The Reality of Donald Trump’s Presidency
By Manuela Domingos
On November 4th, 2016, I got into my car, drove into the inner city, and casted my ballot for the presidential election.
This was my first time being an active voter since I arrived to the country about a decade ago.
Eight years ago, around this time, I recall a middle school me staring wide-eyed at a small T.V. screen, watching the news anchor announce Barack Obama as the president of the United States.
At that time, I wasn’t fully knowledgeable on such things as the electoral college or “right-wing” and “left-wing” supporters.

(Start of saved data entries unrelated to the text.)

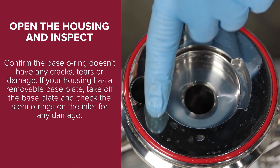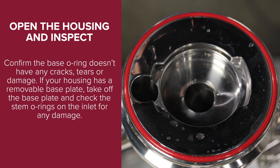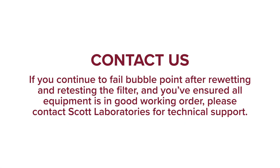Confirm the base O-ring doesn't have any cracks, tears, or damage. If your housing has a removable base plate, take off the base plate and check the stem O-rings on the inlet for any damage. If you continue to fail the bubble point test after re-wetting, re-testing, and ensuring all equipment is in good working order, please contact Scott Laboratories for technical support.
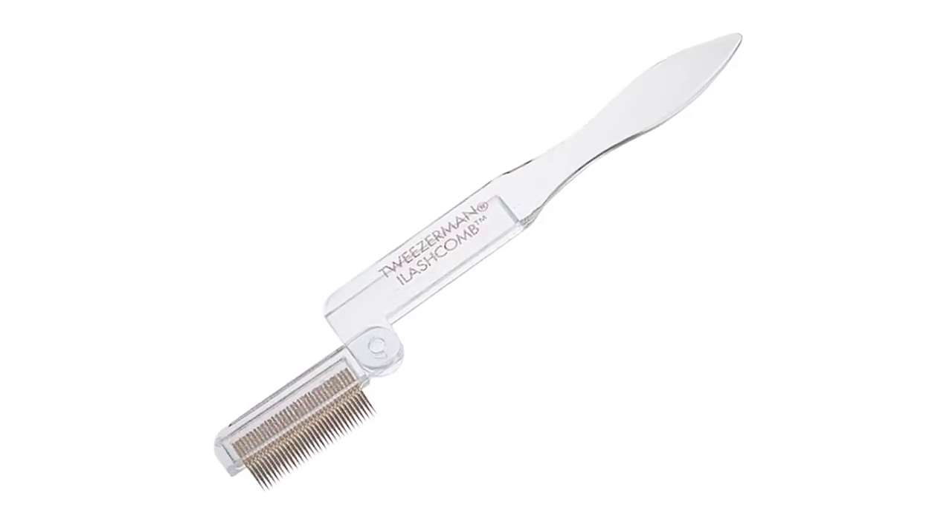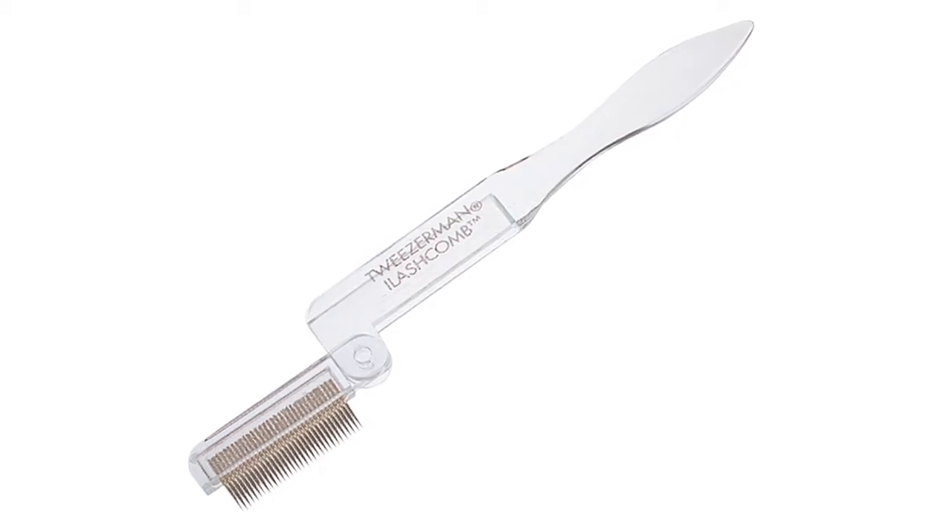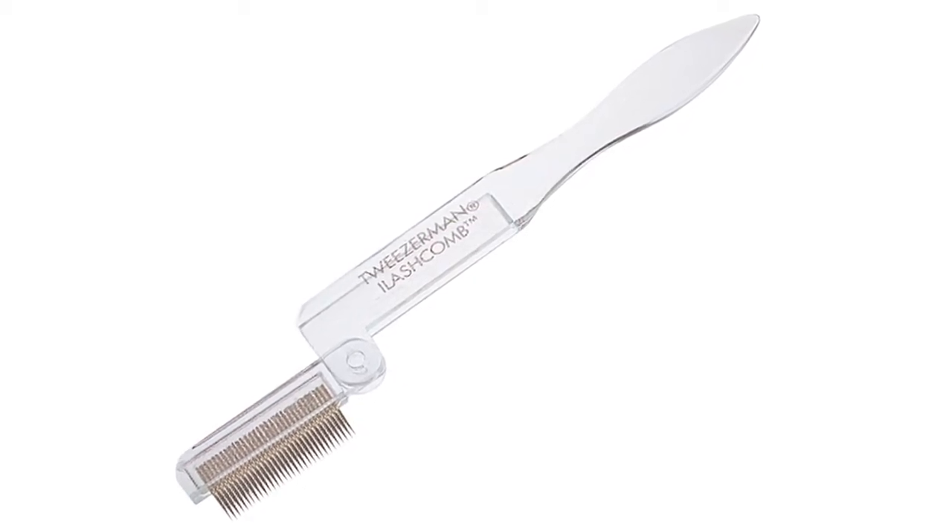The gold plated metal teeth are finely spaced and tapered to effortlessly glide through lashes and remove clumpy, lumpy excess mascara, separating lashes for a long and lovely clump free look.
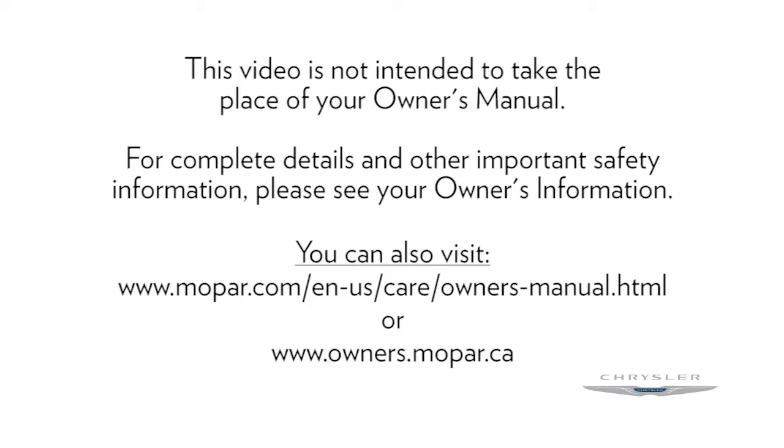This video is not intended to take the place of your Owner's Manual. For complete details and other important safety information, please see your Owner's Information.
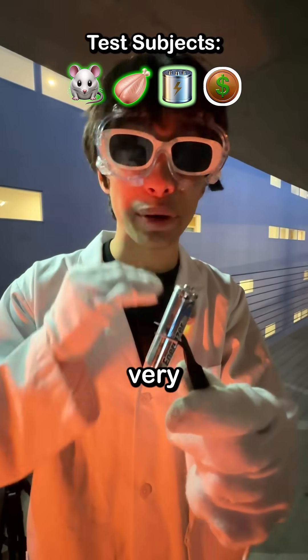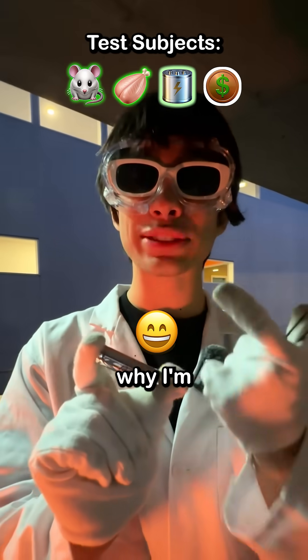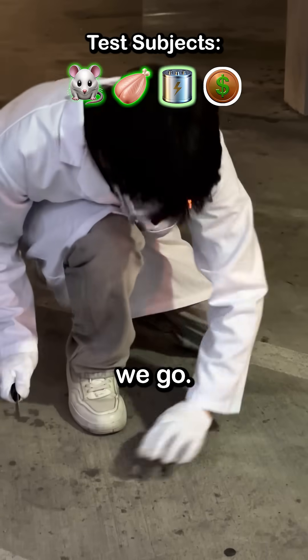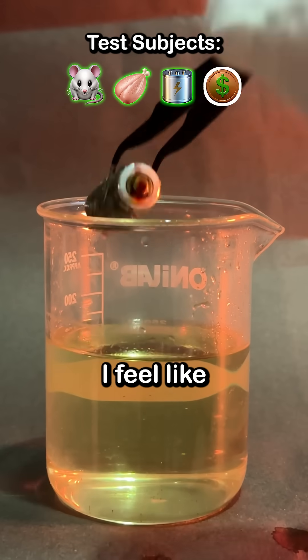But what about a lithium battery? This is very dangerous, since the metals inside react explosively with nitric acid — so that's why I'm testing it. I made a small hole to let the liquid in. When I dropped it in, nothing happened. Someone tell me why, because I feel like an idiot.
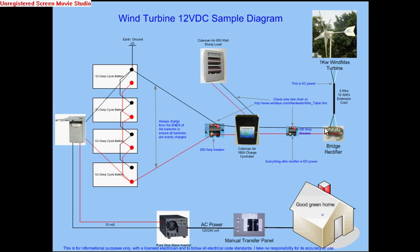Everything that you do needs to be done through an electrician. From the rectifier you want to go through a 100 amp breaker, then to the Coleman Air Charge Controller. That charge controller monitors the voltage of the battery bank, and when it gets to 14.2 or 14.4 volts, it will dump the excess voltage to the dump load, which I also got from Coleman Air.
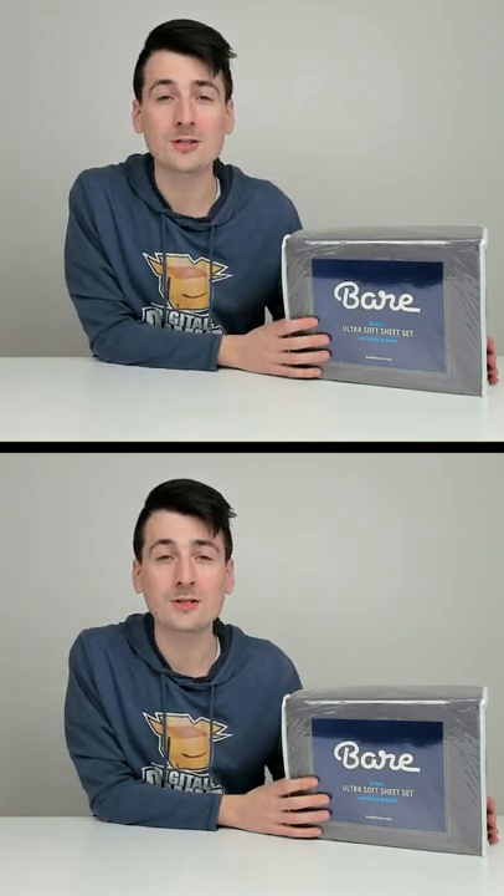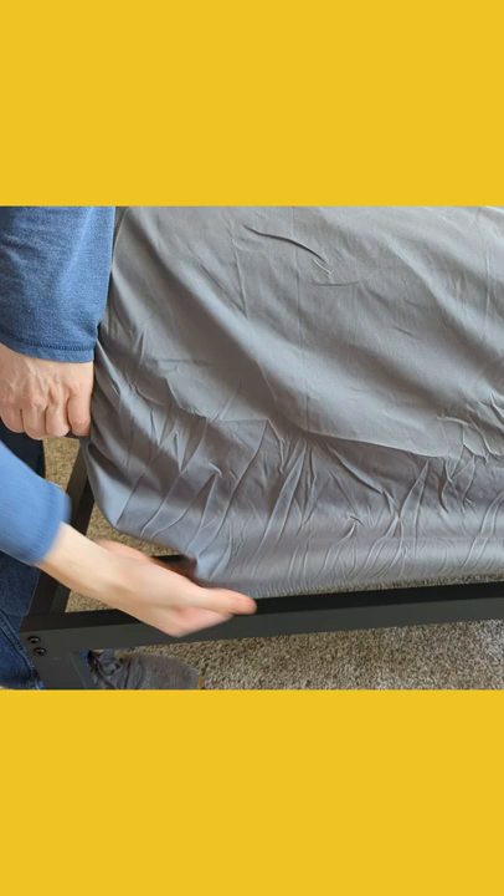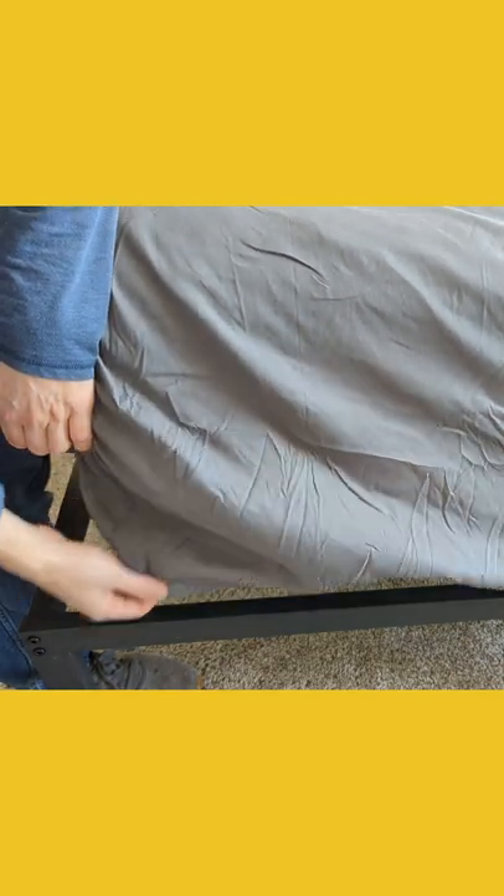I'm going to be checking out the Bare Home Ultra Soft Sheet Set featuring 1800 premium microfiber. This fitted sheet is good for mattresses 15 inches or less. For us, 12 inches plus our mattress pad fits great and we still have plenty of room. Having that 360 elastic is really nice to keep everything properly in place.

My naivety painted pictures of the executive order taking full control of a helpless nation, without the aid of a system of checks and balances.
Because of this, Obama seemed like superman at the time. He also happened to be the first black president of the United States, which I thought was pretty amazing.
For the past few months, I’ve found myself absorbed in the world of mass media. At my university, I was taking classes in writing, leading my school newspaper, and reading the news daily.
I quickly became aware of the rhetoric spewed from both parties during the race to presidency.
I was particularly surprised at the upfront, controversial stance Trump took during his entire campaign. Specifically, his commentary on Muslims, disabled people, women, and his admittance to sexually degrading actions against women.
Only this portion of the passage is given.